The country is headed to a general election later this year, and therefore bold decisions will be difficult to take. This increases the risk of fiscal slippage. In 2016-17, the country’s overall fiscal deficit widened to 5.8 percent of GDP, and the public spending spree is likely to continue, as the propensity to spend is higher during an election year. The embattled state of the current government means that any major policy changes will come only after the general elections. The authorities did not want the rupee to depreciate because of its non-economic repercussions, such as knock-on effects on inflation (as crude oil imports would become more expensive, and would have an upward impact on consumer prices). However, prudent economic policymaking dictates that the cost of this short-term adjustment should be borne in the present, as it will set the economy for more sustainable and stronger growth in the longer term.
What happens now?
The Pakistan government has reiterated that it will not seek another IMF bailout package. This, again could be linked to political exigencies. An IMF deal will weaken the ruling party ahead of the elections, which must be held by July 2018, and therefore the government will try and hold off from a deal as long as it can. However, much will depend upon how long Pakistan’s foreign exchange reserves can hold out. The government has held auctions of Islamic Sukuk and euro bonds to raise foreign exchange, and the government will continue to use a variety of instruments to fund its foreign exchange reserves, and hold off from an IMF programme in the short term.

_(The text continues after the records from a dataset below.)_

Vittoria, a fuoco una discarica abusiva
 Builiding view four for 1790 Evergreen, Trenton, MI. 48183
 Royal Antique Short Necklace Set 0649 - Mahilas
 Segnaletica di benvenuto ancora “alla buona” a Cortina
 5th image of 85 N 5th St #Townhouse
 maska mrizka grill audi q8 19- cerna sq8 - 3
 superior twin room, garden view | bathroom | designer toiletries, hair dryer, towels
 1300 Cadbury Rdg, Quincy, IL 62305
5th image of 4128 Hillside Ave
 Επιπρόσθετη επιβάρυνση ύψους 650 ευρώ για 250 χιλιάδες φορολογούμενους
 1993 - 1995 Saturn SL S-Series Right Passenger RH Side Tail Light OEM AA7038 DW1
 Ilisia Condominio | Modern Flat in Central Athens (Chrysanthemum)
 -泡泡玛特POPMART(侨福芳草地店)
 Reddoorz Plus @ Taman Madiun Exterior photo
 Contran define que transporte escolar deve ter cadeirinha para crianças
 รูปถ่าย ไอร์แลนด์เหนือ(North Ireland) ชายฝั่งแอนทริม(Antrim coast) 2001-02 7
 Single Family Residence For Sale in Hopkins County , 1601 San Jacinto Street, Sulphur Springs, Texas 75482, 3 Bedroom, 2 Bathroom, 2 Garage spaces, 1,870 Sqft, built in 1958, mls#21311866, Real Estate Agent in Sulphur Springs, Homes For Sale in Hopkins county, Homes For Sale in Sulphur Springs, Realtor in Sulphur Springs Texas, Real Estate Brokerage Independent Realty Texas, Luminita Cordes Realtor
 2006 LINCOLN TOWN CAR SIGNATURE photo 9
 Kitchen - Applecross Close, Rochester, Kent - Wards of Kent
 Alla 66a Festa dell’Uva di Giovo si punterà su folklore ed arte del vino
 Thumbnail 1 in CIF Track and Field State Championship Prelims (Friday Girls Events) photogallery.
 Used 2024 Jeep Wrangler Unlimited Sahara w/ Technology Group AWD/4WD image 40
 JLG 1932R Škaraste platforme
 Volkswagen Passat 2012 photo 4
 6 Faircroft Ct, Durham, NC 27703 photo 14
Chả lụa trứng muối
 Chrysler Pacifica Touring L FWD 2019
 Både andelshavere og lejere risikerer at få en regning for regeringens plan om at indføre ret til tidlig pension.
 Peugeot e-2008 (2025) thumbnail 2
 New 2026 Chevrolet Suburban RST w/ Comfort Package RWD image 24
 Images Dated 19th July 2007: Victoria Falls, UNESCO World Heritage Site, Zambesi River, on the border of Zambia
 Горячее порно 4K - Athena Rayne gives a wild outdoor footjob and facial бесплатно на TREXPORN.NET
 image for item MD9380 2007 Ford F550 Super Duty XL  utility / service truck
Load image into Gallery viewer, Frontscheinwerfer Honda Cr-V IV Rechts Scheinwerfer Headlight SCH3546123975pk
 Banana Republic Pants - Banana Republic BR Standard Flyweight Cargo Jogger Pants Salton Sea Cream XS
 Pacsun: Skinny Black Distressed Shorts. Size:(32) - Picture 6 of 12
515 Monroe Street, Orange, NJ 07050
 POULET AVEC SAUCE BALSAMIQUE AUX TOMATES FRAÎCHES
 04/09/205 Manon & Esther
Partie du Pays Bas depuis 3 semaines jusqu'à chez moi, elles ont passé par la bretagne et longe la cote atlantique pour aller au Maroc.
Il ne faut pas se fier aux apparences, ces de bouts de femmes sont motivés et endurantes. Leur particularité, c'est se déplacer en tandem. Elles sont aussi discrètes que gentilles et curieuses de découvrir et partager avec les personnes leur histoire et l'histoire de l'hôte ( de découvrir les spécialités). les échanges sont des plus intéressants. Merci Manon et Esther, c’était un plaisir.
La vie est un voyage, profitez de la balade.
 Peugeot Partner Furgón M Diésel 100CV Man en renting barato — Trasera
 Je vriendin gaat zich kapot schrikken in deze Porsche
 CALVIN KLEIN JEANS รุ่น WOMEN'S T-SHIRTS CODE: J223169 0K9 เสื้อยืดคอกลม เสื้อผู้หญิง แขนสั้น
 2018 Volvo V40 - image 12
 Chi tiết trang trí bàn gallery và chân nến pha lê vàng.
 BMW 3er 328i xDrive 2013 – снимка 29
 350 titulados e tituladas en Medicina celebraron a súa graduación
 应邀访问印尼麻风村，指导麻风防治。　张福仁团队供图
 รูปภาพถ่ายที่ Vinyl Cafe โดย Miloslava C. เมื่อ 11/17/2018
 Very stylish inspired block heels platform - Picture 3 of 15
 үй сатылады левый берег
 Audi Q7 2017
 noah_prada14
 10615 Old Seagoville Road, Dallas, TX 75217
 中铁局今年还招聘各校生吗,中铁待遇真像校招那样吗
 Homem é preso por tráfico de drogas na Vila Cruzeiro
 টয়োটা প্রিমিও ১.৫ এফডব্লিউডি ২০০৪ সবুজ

However, an IMF programme may be inevitable in the longer term, as short-term measures are likely to run out of steam. Further, the economy will require reforms, including the independence of central bank operations, the rationalization of subsidies, the relaxation of tariffs as well as increasing the efficiency of tax collection. The government will also need to undertake structural reforms aimed at invigorating investment, and move Pakistan away from its cycle of growth, which is consumption driven, while other sectors remain stunted.
Pakistan has favourable demographics, and a lack of saturation in the economy means that there is a lot of room to grow. Policy making needs to be fixed, and the country’s economy will take an upturn immediately.